EXERCISE:
Where a line has odd spacing or punctuation, keep it; transcribe all the entries exactly.

DATA FOR THIS EXERCISE:
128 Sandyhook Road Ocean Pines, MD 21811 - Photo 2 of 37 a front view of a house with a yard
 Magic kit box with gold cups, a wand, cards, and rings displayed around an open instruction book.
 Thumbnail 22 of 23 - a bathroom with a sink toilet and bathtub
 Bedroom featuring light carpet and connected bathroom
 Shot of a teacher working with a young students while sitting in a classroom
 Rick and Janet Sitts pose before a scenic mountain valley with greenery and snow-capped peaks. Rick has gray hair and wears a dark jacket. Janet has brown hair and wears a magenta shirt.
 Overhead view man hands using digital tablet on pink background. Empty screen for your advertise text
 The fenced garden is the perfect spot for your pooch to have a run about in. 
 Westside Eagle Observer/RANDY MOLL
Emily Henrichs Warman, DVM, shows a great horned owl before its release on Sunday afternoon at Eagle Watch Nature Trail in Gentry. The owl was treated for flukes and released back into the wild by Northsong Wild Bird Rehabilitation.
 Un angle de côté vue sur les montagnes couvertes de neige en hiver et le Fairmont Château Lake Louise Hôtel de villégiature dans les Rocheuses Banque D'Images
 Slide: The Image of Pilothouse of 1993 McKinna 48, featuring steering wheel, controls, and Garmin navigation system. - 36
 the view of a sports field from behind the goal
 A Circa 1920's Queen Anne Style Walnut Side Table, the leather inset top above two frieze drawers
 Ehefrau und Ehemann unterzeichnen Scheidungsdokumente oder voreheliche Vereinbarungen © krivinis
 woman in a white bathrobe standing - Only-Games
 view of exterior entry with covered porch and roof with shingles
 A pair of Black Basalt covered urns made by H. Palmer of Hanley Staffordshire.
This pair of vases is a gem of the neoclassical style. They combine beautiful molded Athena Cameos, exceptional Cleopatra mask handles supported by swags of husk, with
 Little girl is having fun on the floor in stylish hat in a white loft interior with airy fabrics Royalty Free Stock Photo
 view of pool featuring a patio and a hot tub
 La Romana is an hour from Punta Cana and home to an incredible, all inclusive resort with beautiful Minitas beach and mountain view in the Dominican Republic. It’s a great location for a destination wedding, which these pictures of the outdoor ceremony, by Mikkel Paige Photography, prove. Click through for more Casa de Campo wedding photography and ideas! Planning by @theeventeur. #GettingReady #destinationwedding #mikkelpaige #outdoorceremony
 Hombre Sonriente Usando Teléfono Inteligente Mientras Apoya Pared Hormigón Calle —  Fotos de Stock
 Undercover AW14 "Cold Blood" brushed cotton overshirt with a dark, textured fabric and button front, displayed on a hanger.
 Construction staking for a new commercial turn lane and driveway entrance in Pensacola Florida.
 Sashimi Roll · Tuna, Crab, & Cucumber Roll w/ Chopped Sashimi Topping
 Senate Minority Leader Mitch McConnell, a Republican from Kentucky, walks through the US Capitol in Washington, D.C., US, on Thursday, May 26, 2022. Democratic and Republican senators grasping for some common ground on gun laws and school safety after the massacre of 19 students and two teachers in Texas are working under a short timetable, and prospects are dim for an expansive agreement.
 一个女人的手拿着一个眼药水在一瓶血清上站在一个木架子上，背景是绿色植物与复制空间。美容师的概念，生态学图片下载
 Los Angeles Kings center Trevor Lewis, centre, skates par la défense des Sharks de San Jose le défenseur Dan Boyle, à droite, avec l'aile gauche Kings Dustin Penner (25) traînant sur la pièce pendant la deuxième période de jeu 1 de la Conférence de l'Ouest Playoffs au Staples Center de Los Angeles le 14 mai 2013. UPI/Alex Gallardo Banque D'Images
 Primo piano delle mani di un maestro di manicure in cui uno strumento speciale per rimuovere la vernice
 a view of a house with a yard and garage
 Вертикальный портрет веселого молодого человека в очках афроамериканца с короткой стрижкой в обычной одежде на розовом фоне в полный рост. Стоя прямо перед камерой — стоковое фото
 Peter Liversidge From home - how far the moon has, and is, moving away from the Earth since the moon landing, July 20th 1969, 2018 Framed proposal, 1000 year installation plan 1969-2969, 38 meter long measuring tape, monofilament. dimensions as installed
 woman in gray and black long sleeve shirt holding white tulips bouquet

SOLUTION TO THIS EXERCISE:
128 Sandyhook Road Ocean Pines, MD 21811 - Photo 2 of 37 a front view of a house with a yard
 Magic kit box with gold cups, a wand, cards, and rings displayed around an open instruction book.
 Thumbnail 22 of 23 - a bathroom with a sink toilet and bathtub
 Bedroom featuring light carpet and connected bathroom
 Shot of a teacher working with a young students while sitting in a classroom
 Rick and Janet Sitts pose before a scenic mountain valley with greenery and snow-capped peaks. Rick has gray hair and wears a dark jacket. Janet has brown hair and wears a magenta shirt.
 Overhead view man hands using digital tablet on pink background. Empty screen for your advertise text
 The fenced garden is the perfect spot for your pooch to have a run about in. 
 Westside Eagle Observer/RANDY MOLL
Emily Henrichs Warman, DVM, shows a great horned owl before its release on Sunday afternoon at Eagle Watch Nature Trail in Gentry. The owl was treated for flukes and released back into the wild by Northsong Wild Bird Rehabilitation.
 Un angle de côté vue sur les montagnes couvertes de neige en hiver et le Fairmont Château Lake Louise Hôtel de villégiature dans les Rocheuses Banque D'Images
 Slide: The Image of Pilothouse of 1993 McKinna 48, featuring steering wheel, controls, and Garmin navigation system. - 36
 the view of a sports field from behind the goal
 A Circa 1920's Queen Anne Style Walnut Side Table, the leather inset top above two frieze drawers
 Ehefrau und Ehemann unterzeichnen Scheidungsdokumente oder voreheliche Vereinbarungen © krivinis
 woman in a white bathrobe standing - Only-Games
 view of exterior entry with covered porch and roof with shingles
 A pair of Black Basalt covered urns made by H. Palmer of Hanley Staffordshire.
This pair of vases is a gem of the neoclassical style. They combine beautiful molded Athena Cameos, exceptional Cleopatra mask handles supported by swags of husk, with
 Little girl is having fun on the floor in stylish hat in a white loft interior with airy fabrics Royalty Free Stock Photo
 view of pool featuring a patio and a hot tub
 La Romana is an hour from Punta Cana and home to an incredible, all inclusive resort with beautiful Minitas beach and mountain view in the Dominican Republic. It’s a great location for a destination wedding, which these pictures of the outdoor ceremony, by Mikkel Paige Photography, prove. Click through for more Casa de Campo wedding photography and ideas! Planning by @theeventeur. #GettingReady #destinationwedding #mikkelpaige #outdoorceremony
 Hombre Sonriente Usando Teléfono Inteligente Mientras Apoya Pared Hormigón Calle —  Fotos de Stock
 Undercover AW14 "Cold Blood" brushed cotton overshirt with a dark, textured fabric and button front, displayed on a hanger.
 Construction staking for a new commercial turn lane and driveway entrance in Pensacola Florida.
 Sashimi Roll · Tuna, Crab, & Cucumber Roll w/ Chopped Sashimi Topping
 Senate Minority Leader Mitch McConnell, a Republican from Kentucky, walks through the US Capitol in Washington, D.C., US, on Thursday, May 26, 2022. Democratic and Republican senators grasping for some common ground on gun laws and school safety after the massacre of 19 students and two teachers in Texas are working under a short timetable, and prospects are dim for an expansive agreement.
 一个女人的手拿着一个眼药水在一瓶血清上站在一个木架子上，背景是绿色植物与复制空间。美容师的概念，生态学图片下载
 Los Angeles Kings center Trevor Lewis, centre, skates par la défense des Sharks de San Jose le défenseur Dan Boyle, à droite, avec l'aile gauche Kings Dustin Penner (25) traînant sur la pièce pendant la deuxième période de jeu 1 de la Conférence de l'Ouest Playoffs au Staples Center de Los Angeles le 14 mai 2013. UPI/Alex Gallardo Banque D'Images
 Primo piano delle mani di un maestro di manicure in cui uno strumento speciale per rimuovere la vernice
 a view of a house with a yard and garage
 Вертикальный портрет веселого молодого человека в очках афроамериканца с короткой стрижкой в обычной одежде на розовом фоне в полный рост. Стоя прямо перед камерой — стоковое фото
 Peter Liversidge From home - how far the moon has, and is, moving away from the Earth since the moon landing, July 20th 1969, 2018 Framed proposal, 1000 year installation plan 1969-2969, 38 meter long measuring tape, monofilament. dimensions as installed
 woman in gray and black long sleeve shirt holding white tulips bouquet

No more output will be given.